===== Data shown =====
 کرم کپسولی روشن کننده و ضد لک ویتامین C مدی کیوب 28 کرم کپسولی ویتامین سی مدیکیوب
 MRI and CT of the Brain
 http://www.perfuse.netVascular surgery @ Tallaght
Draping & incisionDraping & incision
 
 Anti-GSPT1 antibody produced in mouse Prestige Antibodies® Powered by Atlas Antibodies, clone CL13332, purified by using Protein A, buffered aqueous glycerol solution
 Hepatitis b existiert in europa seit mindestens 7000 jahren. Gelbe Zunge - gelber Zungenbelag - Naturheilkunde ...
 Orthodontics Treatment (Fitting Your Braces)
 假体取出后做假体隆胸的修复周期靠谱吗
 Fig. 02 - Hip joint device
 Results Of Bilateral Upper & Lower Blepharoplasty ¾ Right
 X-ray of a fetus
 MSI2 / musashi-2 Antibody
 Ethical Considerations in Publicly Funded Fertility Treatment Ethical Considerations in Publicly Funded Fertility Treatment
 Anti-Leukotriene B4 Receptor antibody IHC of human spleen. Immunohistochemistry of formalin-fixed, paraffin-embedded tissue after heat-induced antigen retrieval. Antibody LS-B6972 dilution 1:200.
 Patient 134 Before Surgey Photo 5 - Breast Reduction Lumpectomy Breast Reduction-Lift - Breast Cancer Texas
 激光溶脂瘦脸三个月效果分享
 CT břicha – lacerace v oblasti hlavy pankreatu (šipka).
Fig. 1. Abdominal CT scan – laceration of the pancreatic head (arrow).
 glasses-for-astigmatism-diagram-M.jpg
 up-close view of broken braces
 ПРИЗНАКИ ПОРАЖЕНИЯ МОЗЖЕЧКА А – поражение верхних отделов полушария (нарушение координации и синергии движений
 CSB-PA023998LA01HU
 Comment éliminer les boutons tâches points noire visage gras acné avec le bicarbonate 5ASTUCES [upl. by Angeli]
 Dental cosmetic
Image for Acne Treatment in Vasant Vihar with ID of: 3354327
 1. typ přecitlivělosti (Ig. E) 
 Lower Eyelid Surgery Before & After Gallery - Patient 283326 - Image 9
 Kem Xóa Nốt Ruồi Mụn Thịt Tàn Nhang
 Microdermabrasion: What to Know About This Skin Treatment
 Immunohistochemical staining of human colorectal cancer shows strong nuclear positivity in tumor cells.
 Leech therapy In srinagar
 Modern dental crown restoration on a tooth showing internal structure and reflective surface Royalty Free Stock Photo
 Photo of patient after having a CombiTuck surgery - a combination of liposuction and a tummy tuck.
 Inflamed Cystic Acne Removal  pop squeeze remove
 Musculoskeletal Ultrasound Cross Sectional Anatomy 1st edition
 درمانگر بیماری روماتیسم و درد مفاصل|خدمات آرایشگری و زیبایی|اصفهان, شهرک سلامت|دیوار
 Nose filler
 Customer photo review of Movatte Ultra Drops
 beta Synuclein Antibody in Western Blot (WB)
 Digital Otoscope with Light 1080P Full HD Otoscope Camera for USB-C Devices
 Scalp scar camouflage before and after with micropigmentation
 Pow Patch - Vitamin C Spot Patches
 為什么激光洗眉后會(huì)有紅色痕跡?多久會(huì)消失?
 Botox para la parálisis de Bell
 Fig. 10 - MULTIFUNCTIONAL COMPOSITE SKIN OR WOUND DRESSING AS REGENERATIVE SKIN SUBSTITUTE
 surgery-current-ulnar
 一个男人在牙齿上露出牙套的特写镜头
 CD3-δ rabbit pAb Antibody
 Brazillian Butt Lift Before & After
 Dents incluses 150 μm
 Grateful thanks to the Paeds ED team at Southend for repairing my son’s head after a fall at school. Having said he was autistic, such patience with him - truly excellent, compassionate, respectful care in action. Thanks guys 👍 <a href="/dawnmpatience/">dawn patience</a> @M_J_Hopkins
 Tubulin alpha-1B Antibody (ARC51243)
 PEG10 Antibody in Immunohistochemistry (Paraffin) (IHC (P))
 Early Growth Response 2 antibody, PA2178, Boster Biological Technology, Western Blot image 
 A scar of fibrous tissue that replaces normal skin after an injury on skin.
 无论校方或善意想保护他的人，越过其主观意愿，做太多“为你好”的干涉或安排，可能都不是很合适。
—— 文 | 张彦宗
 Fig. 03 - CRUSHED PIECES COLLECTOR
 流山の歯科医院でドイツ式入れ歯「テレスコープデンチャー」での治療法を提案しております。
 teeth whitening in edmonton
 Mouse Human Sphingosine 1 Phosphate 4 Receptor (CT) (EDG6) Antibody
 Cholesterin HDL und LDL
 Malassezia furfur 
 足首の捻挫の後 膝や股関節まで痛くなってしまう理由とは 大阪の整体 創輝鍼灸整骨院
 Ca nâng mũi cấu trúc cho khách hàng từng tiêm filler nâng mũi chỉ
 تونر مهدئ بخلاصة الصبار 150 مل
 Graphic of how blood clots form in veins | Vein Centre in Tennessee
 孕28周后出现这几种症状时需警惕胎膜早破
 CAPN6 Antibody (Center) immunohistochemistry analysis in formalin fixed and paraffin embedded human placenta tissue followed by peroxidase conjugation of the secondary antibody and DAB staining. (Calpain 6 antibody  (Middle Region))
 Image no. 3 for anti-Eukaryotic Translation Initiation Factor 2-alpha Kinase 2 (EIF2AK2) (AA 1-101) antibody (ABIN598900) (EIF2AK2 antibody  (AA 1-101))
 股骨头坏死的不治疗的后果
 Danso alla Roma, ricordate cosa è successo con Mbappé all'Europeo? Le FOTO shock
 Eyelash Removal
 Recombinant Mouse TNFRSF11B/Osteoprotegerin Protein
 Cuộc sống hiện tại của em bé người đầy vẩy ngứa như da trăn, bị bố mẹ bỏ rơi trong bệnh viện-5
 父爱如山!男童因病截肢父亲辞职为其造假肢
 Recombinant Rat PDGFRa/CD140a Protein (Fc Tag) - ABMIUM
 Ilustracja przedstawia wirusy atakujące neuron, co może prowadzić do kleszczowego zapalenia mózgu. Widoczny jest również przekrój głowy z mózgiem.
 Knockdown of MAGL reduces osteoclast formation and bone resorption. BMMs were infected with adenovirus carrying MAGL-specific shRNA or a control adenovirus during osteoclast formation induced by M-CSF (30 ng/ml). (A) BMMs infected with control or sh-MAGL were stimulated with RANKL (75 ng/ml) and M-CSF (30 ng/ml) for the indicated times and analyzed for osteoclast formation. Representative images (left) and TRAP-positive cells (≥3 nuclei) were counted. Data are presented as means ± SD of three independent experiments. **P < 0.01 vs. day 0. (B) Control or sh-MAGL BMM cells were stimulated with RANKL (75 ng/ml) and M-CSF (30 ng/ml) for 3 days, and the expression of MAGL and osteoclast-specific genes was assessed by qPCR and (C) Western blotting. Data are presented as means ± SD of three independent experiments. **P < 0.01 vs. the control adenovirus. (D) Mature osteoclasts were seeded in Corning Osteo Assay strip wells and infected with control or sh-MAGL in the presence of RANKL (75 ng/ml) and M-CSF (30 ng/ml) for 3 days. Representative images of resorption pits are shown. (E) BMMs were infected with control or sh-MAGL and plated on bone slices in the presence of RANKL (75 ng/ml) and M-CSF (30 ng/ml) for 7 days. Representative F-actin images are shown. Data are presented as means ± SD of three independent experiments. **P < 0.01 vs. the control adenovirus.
=====
**Work required:** Reproduce the listing in full, exactly, so that no line is missing.

**Exercise response:**
 کرم کپسولی روشن کننده و ضد لک ویتامین C مدی کیوب 28 کرم کپسولی ویتامین سی مدیکیوب
 MRI and CT of the Brain
 http://www.perfuse.netVascular surgery @ Tallaght
Draping & incisionDraping & incision
 
 Anti-GSPT1 antibody produced in mouse Prestige Antibodies® Powered by Atlas Antibodies, clone CL13332, purified by using Protein A, buffered aqueous glycerol solution
 Hepatitis b existiert in europa seit mindestens 7000 jahren. Gelbe Zunge - gelber Zungenbelag - Naturheilkunde ...
 Orthodontics Treatment (Fitting Your Braces)
 假体取出后做假体隆胸的修复周期靠谱吗
 Fig. 02 - Hip joint device
 Results Of Bilateral Upper & Lower Blepharoplasty ¾ Right
 X-ray of a fetus
 MSI2 / musashi-2 Antibody
 Ethical Considerations in Publicly Funded Fertility Treatment Ethical Considerations in Publicly Funded Fertility Treatment
 Anti-Leukotriene B4 Receptor antibody IHC of human spleen. Immunohistochemistry of formalin-fixed, paraffin-embedded tissue after heat-induced antigen retrieval. Antibody LS-B6972 dilution 1:200.
 Patient 134 Before Surgey Photo 5 - Breast Reduction Lumpectomy Breast Reduction-Lift - Breast Cancer Texas
 激光溶脂瘦脸三个月效果分享
 CT břicha – lacerace v oblasti hlavy pankreatu (šipka).
Fig. 1. Abdominal CT scan – laceration of the pancreatic head (arrow).
 glasses-for-astigmatism-diagram-M.jpg
 up-close view of broken braces
 ПРИЗНАКИ ПОРАЖЕНИЯ МОЗЖЕЧКА А – поражение верхних отделов полушария (нарушение координации и синергии движений
 CSB-PA023998LA01HU
 Comment éliminer les boutons tâches points noire visage gras acné avec le bicarbonate 5ASTUCES [upl. by Angeli]
 Dental cosmetic
Image for Acne Treatment in Vasant Vihar with ID of: 3354327
 1. typ přecitlivělosti (Ig. E) 
 Lower Eyelid Surgery Before & After Gallery - Patient 283326 - Image 9
 Kem Xóa Nốt Ruồi Mụn Thịt Tàn Nhang
 Microdermabrasion: What to Know About This Skin Treatment
 Immunohistochemical staining of human colorectal cancer shows strong nuclear positivity in tumor cells.
 Leech therapy In srinagar
 Modern dental crown restoration on a tooth showing internal structure and reflective surface Royalty Free Stock Photo
 Photo of patient after having a CombiTuck surgery - a combination of liposuction and a tummy tuck.
 Inflamed Cystic Acne Removal  pop squeeze remove
 Musculoskeletal Ultrasound Cross Sectional Anatomy 1st edition
 درمانگر بیماری روماتیسم و درد مفاصل|خدمات آرایشگری و زیبایی|اصفهان, شهرک سلامت|دیوار
 Nose filler
 Customer photo review of Movatte Ultra Drops
 beta Synuclein Antibody in Western Blot (WB)
 Digital Otoscope with Light 1080P Full HD Otoscope Camera for USB-C Devices
 Scalp scar camouflage before and after with micropigmentation
 Pow Patch - Vitamin C Spot Patches
 為什么激光洗眉后會(huì)有紅色痕跡?多久會(huì)消失?
 Botox para la parálisis de Bell
 Fig. 10 - MULTIFUNCTIONAL COMPOSITE SKIN OR WOUND DRESSING AS REGENERATIVE SKIN SUBSTITUTE
 surgery-current-ulnar
 一个男人在牙齿上露出牙套的特写镜头
 CD3-δ rabbit pAb Antibody
 Brazillian Butt Lift Before & After
 Dents incluses 150 μm
 Grateful thanks to the Paeds ED team at Southend for repairing my son’s head after a fall at school. Having said he was autistic, such patience with him - truly excellent, compassionate, respectful care in action. Thanks guys 👍 <a href="/dawnmpatience/">dawn patience</a> @M_J_Hopkins
 Tubulin alpha-1B Antibody (ARC51243)
 PEG10 Antibody in Immunohistochemistry (Paraffin) (IHC (P))
 Early Growth Response 2 antibody, PA2178, Boster Biological Technology, Western Blot image 
 A scar of fibrous tissue that replaces normal skin after an injury on skin.
 无论校方或善意想保护他的人，越过其主观意愿，做太多“为你好”的干涉或安排，可能都不是很合适。
—— 文 | 张彦宗
 Fig. 03 - CRUSHED PIECES COLLECTOR
 流山の歯科医院でドイツ式入れ歯「テレスコープデンチャー」での治療法を提案しております。
 teeth whitening in edmonton
 Mouse Human Sphingosine 1 Phosphate 4 Receptor (CT) (EDG6) Antibody
 Cholesterin HDL und LDL
 Malassezia furfur 
 足首の捻挫の後 膝や股関節まで痛くなってしまう理由とは 大阪の整体 創輝鍼灸整骨院
 Ca nâng mũi cấu trúc cho khách hàng từng tiêm filler nâng mũi chỉ
 تونر مهدئ بخلاصة الصبار 150 مل
 Graphic of how blood clots form in veins | Vein Centre in Tennessee
 孕28周后出现这几种症状时需警惕胎膜早破
 CAPN6 Antibody (Center) immunohistochemistry analysis in formalin fixed and paraffin embedded human placenta tissue followed by peroxidase conjugation of the secondary antibody and DAB staining. (Calpain 6 antibody  (Middle Region))
 Image no. 3 for anti-Eukaryotic Translation Initiation Factor 2-alpha Kinase 2 (EIF2AK2) (AA 1-101) antibody (ABIN598900) (EIF2AK2 antibody  (AA 1-101))
 股骨头坏死的不治疗的后果
 Danso alla Roma, ricordate cosa è successo con Mbappé all'Europeo? Le FOTO shock
 Eyelash Removal
 Recombinant Mouse TNFRSF11B/Osteoprotegerin Protein
 Cuộc sống hiện tại của em bé người đầy vẩy ngứa như da trăn, bị bố mẹ bỏ rơi trong bệnh viện-5
 父爱如山!男童因病截肢父亲辞职为其造假肢
 Recombinant Rat PDGFRa/CD140a Protein (Fc Tag) - ABMIUM
 Ilustracja przedstawia wirusy atakujące neuron, co może prowadzić do kleszczowego zapalenia mózgu. Widoczny jest również przekrój głowy z mózgiem.
 Knockdown of MAGL reduces osteoclast formation and bone resorption. BMMs were infected with adenovirus carrying MAGL-specific shRNA or a control adenovirus during osteoclast formation induced by M-CSF (30 ng/ml). (A) BMMs infected with control or sh-MAGL were stimulated with RANKL (75 ng/ml) and M-CSF (30 ng/ml) for the indicated times and analyzed for osteoclast formation. Representative images (left) and TRAP-positive cells (≥3 nuclei) were counted. Data are presented as means ± SD of three independent experiments. **P < 0.01 vs. day 0. (B) Control or sh-MAGL BMM cells were stimulated with RANKL (75 ng/ml) and M-CSF (30 ng/ml) for 3 days, and the expression of MAGL and osteoclast-specific genes was assessed by qPCR and (C) Western blotting. Data are presented as means ± SD of three independent experiments. **P < 0.01 vs. the control adenovirus. (D) Mature osteoclasts were seeded in Corning Osteo Assay strip wells and infected with control or sh-MAGL in the presence of RANKL (75 ng/ml) and M-CSF (30 ng/ml) for 3 days. Representative images of resorption pits are shown. (E) BMMs were infected with control or sh-MAGL and plated on bone slices in the presence of RANKL (75 ng/ml) and M-CSF (30 ng/ml) for 7 days. Representative F-actin images are shown. Data are presented as means ± SD of three independent experiments. **P < 0.01 vs. the control adenovirus.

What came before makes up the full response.